Information shown:
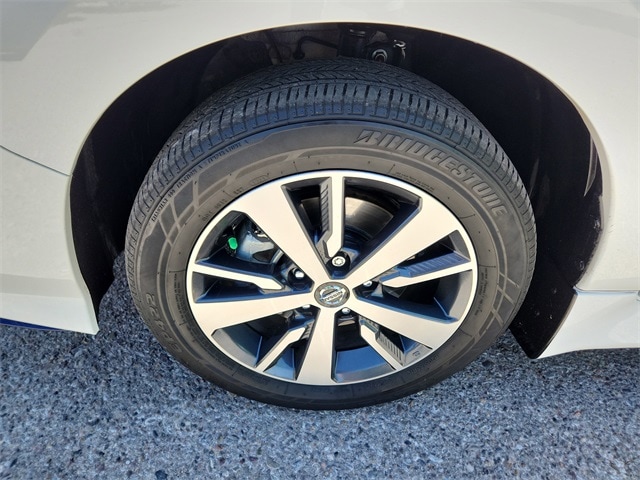 used 2022 Nissan Leaf car, priced at $17,555
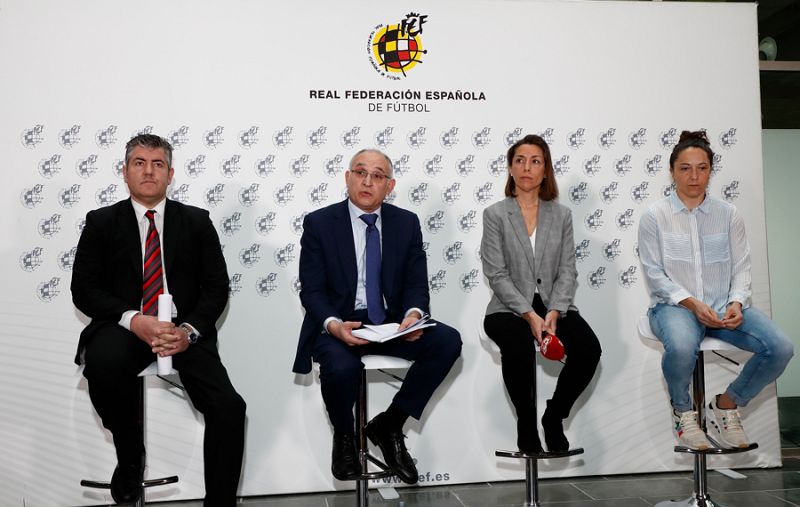 La RFEF ve "incomprensible" el acuerdo del convenio: "Sin un salario mínimo de 20.000 euros que no cuenten con nosotros" | Ver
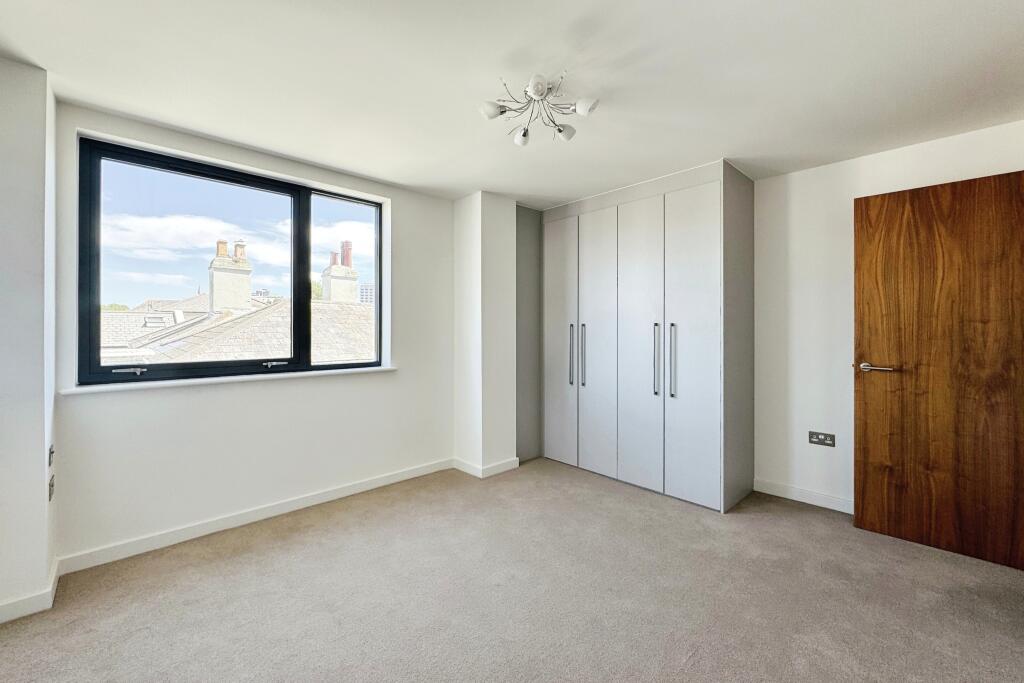 Additional property image - High Street North, Poole, BH15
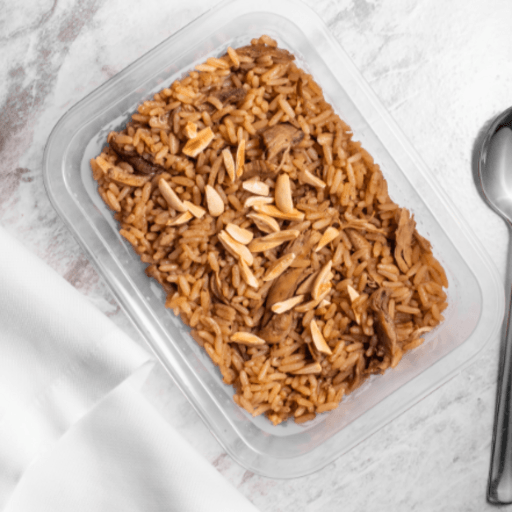 Arroz com lascas de frango e um toque de canela. Acompanha amêndoas torradas.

Work order: Except for the pictures, the whole listing above should be transcribed exactly.

Your response:
 used 2022 Nissan Leaf car, priced at $17,555
 La RFEF ve "incomprensible" el acuerdo del convenio: "Sin un salario mínimo de 20.000 euros que no cuenten con nosotros" | Ver
 Additional property image - High Street North, Poole, BH15
 Arroz com lascas de frango e um toque de canela. Acompanha amêndoas torradas.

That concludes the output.